● **TASK REQUIREMENTS**
Starting with the line that holds "Nordic Minimalist Modern", reproduce each line through the last one of the data, exactly as written. Pictures are not copied.

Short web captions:
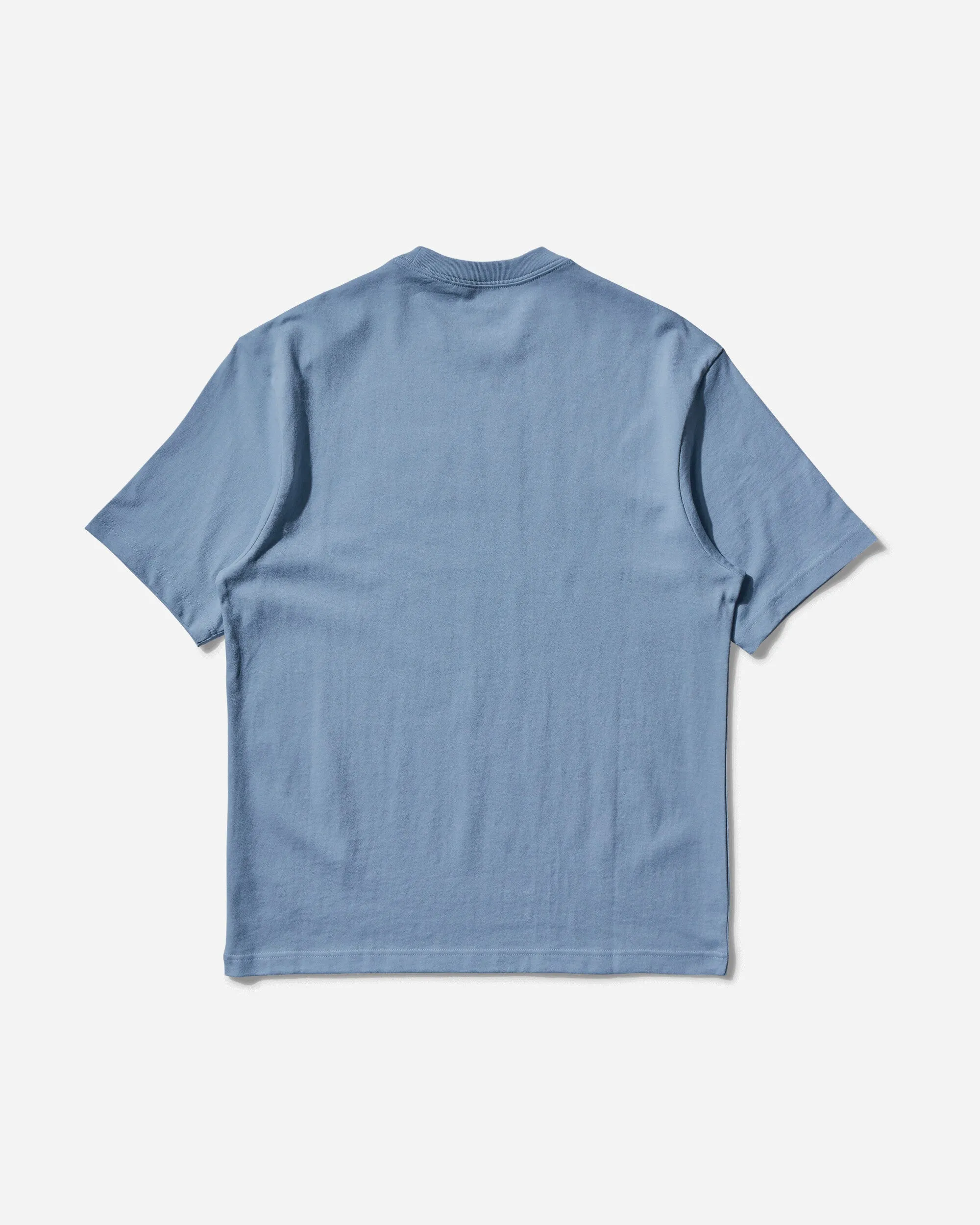 Herren A Ma Maniére Logo T-Shirt Hell Waffenblau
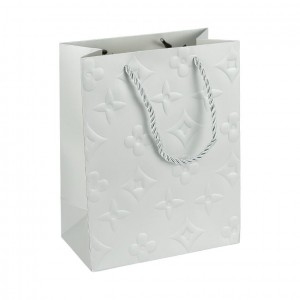 Пакет подарунковий 31х42х12 см з рельєфним тисненням SILVER HL-1873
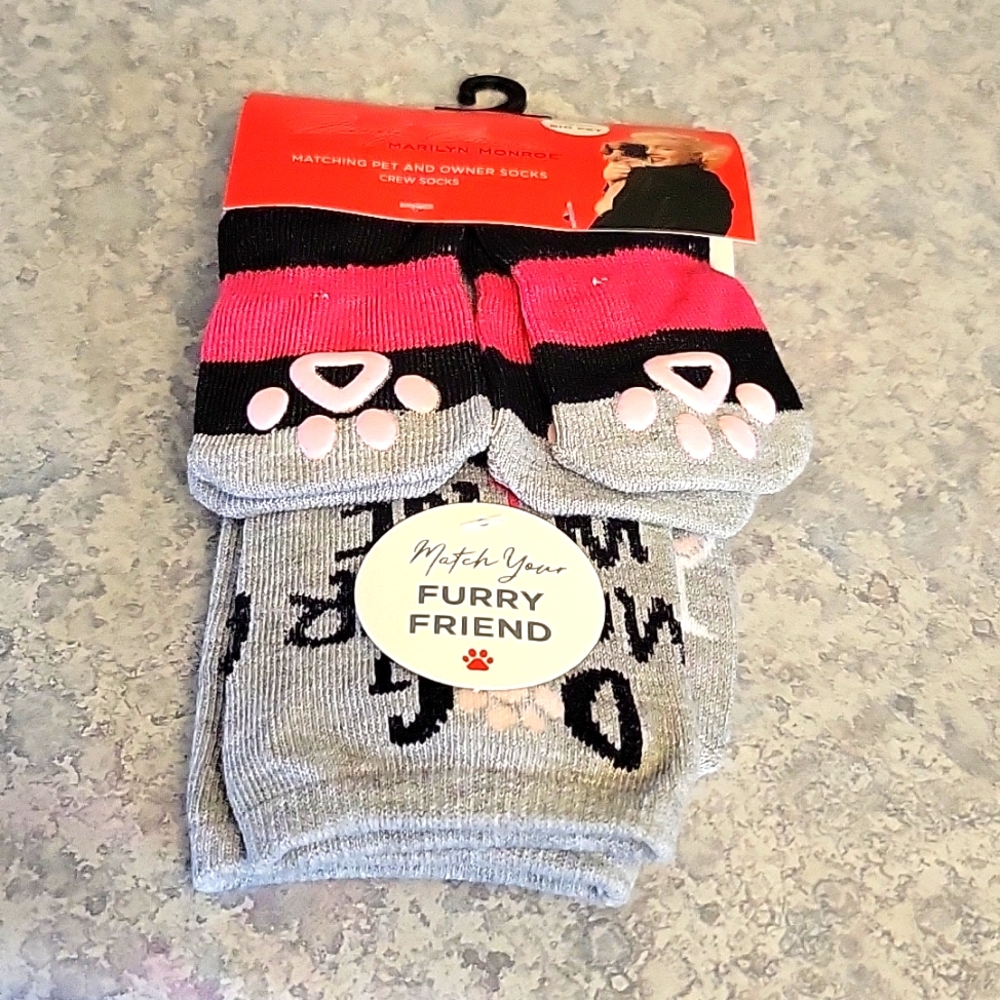 #3 Marilyn Monroe Pet and Owner socks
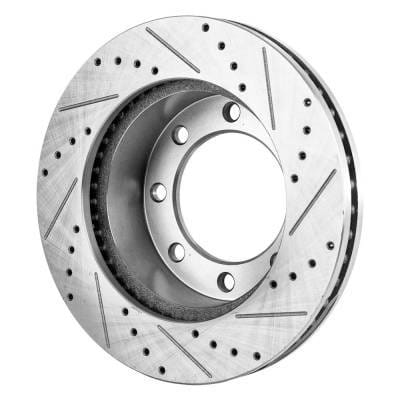 New Cross-Drilled Brake Disc Compatible With Ford F-250 Super Duty Xlt 8 Cyl 5.4L F-250 Super Duty thumbnail 5
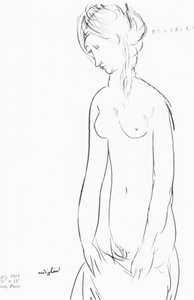 Beatrice Hastings, 1915 (svart krita på papper http:gem.bridgemanimages.comlightbox5477500er) av Amedeo Modigliani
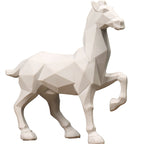 Nordic Minimalist Modern Origami  Horse Ornaments Lootquake LLC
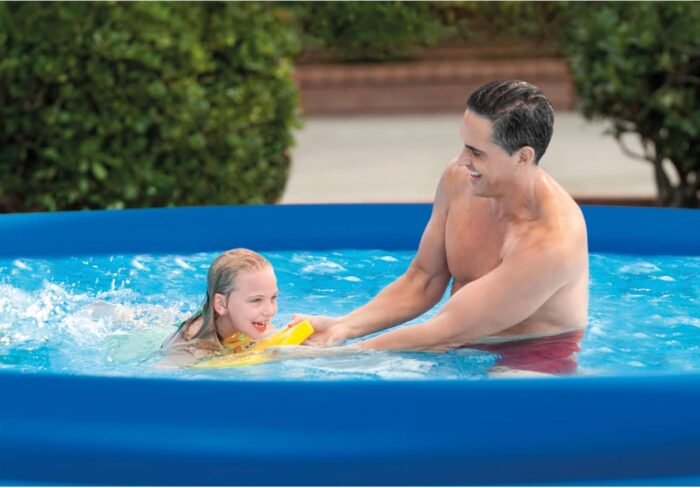 INTEX 28157EH Easy Set Inflatable Swimming Pool Set: 15ft x 33in – Includes 530 GPH Cartridge Filter Pump – Puncture-Resistant Material – 2587 Gallon Capacity – 26in Water Depth - Image 9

● **FINAL ANSWER**
 Nordic Minimalist Modern Origami  Horse Ornaments Lootquake LLC
 INTEX 28157EH Easy Set Inflatable Swimming Pool Set: 15ft x 33in – Includes 530 GPH Cartridge Filter Pump – Puncture-Resistant Material – 2587 Gallon Capacity – 26in Water Depth - Image 9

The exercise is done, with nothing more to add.